Darwin es el viejo topo que no deja de escarbar. Su teoría de la supervivencia del más canalla ha triturado sandeces y sirve para analizar la burbuja; la crisis ha reproducido su amarga sátira de la lucha por la supervivencia y el carácter salvaje de los mercados y los bancos. Por él sabemos que somos una minoría de primates que esclaviza a los que no pagan el alquiler de la cueva. Por miedo a su mujer, Darwin no dijo abiertamente que no descendemos de Adán y Eva de Durero, sino de unos simios llenos de pulgas. Parece que el sabio dejó de ser creyente a los 40 años al deducir que el cristianismo no se apoya en evidencias. En España lo rejonearon.
Los poetas oficiales le llamaron cuadrúmano en la copa del árbol con el culo asido; los comerciantes lo vendieron en una etiqueta de Anís del Mono y los curas lo metieron en el Índice. El obispo de Granada dijo que destruía la teología y lo definió como herético injurioso. Luego, los últimos papas declararon que la teoría de la evolución puede coexistir con la fe.
El peligro ahora no es la religión, sino la ciencia como religión de la posmodernidad.
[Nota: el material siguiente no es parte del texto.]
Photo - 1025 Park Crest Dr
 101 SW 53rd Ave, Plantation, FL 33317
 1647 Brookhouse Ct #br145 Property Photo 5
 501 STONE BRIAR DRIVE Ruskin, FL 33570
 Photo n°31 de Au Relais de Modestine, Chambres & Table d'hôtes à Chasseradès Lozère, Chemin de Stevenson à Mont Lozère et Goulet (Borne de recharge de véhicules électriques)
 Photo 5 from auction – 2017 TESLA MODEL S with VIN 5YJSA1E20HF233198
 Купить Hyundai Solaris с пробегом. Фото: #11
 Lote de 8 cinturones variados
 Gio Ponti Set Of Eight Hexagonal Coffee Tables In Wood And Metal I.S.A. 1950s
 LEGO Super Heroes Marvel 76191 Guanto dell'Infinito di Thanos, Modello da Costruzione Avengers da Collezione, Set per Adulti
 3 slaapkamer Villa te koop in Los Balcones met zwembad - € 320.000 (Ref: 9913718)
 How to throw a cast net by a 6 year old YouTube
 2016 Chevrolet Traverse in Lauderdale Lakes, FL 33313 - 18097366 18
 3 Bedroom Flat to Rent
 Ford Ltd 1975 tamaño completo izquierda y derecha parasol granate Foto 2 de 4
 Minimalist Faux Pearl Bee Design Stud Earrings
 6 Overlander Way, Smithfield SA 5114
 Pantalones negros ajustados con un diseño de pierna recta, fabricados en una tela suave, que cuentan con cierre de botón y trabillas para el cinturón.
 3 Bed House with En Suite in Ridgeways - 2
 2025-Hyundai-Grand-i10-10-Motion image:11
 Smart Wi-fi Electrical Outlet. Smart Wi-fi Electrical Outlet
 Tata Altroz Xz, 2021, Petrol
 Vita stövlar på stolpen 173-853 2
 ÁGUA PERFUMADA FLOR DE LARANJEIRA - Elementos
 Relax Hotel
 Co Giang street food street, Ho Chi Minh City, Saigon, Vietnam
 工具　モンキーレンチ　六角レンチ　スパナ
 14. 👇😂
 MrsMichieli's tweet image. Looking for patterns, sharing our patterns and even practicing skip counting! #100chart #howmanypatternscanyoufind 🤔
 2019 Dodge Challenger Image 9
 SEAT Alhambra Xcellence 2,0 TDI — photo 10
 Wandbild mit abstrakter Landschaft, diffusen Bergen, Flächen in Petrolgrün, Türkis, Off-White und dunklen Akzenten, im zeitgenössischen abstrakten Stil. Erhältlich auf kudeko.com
Nos cuentan cada día historias tan inverosímiles como las de la Biblia, amparándose en la barba y en la jerga. Nos hablan de cientos de miles de años sin ton ni son.
Como advirtió Darwin a propósito de los cristianos, no se apoyan en evidencias, ni terminan de averiguar que misterioso salto evolutivo dio este mono desnudo, dejando en la cuneta tirados a los grandes orangutanes y los peludos chimpancés. Por eso, éstos monos y los perros, nos ven, como a colegas majaras que ríen, lloran y sufren por estupideces abstractas. Lo dijo Whitman: «Los otros animales no lloran por sus pecados, ninguno se arrodilla, ni ante los otros, ni ante los muertos o los dioses».